Task to complete
Omit the pictures and retype only the lines from the one containing "XS-Sm 90s Black" through the end of the listing, both ends included.

Dataset content
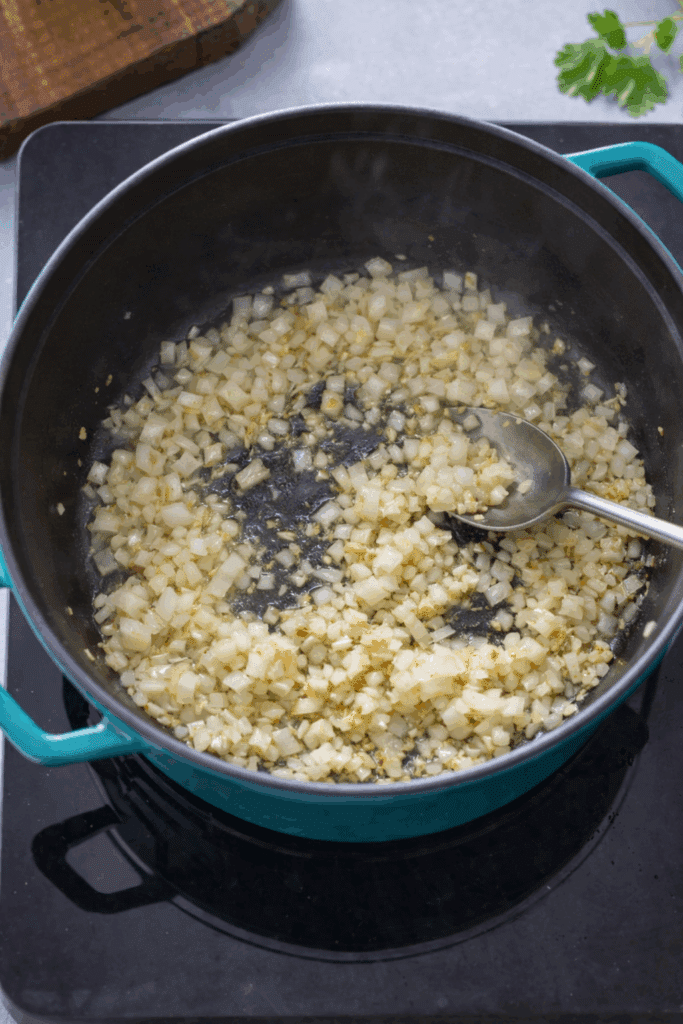 Sauté onion and garlic
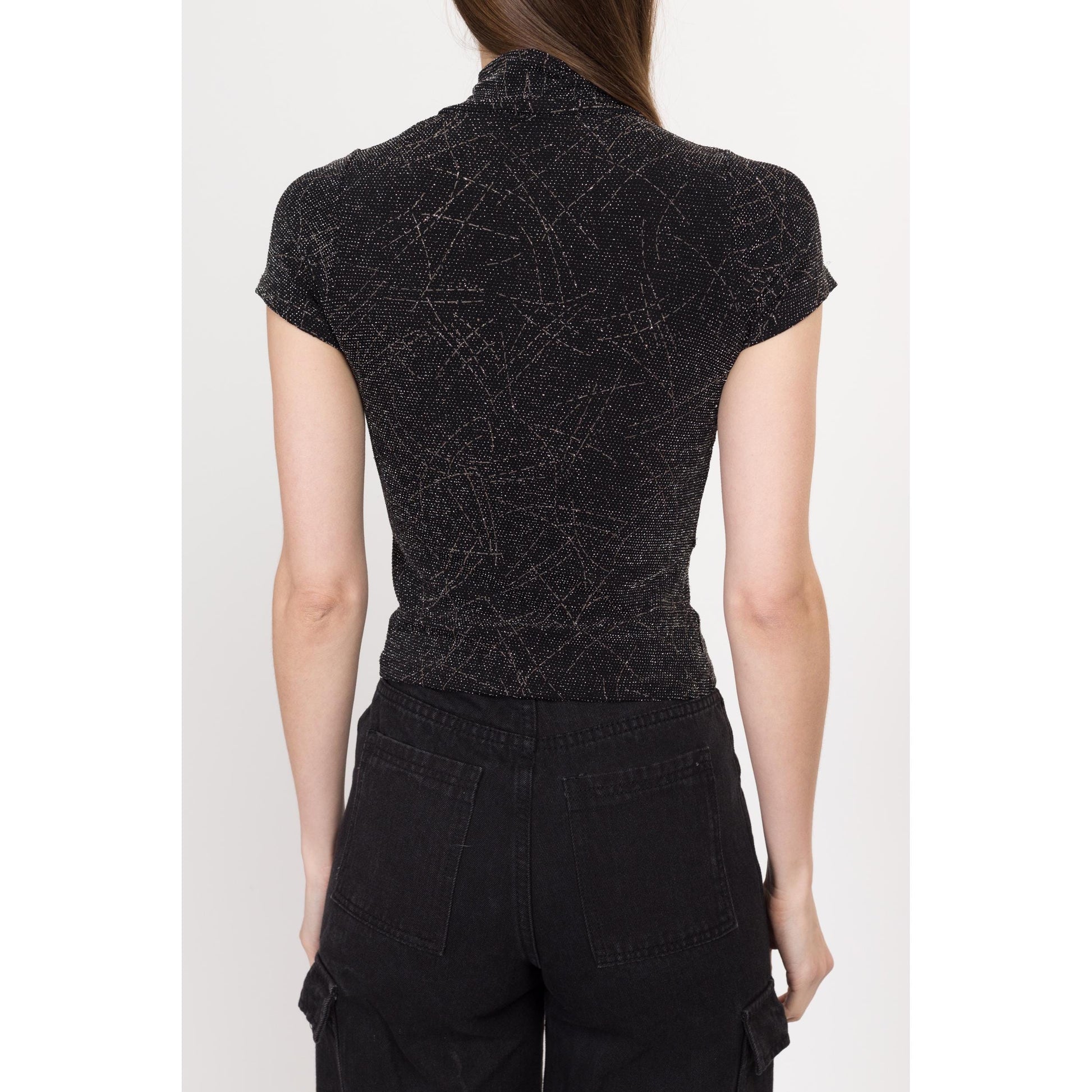 XS-Sm 90s Black & Silver Glitter Mockneck Top | Vintage Gothic Stretchy Sparkle Shirt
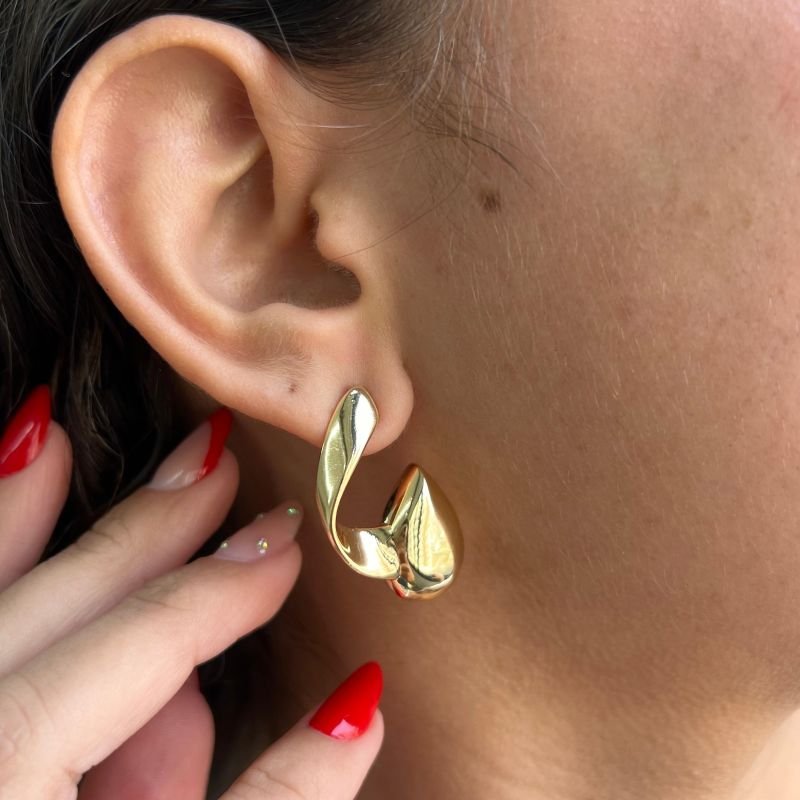 Brinco Biju Fina Dourado/Ródio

Answer area
 XS-Sm 90s Black & Silver Glitter Mockneck Top | Vintage Gothic Stretchy Sparkle Shirt
 Brinco Biju Fina Dourado/Ródio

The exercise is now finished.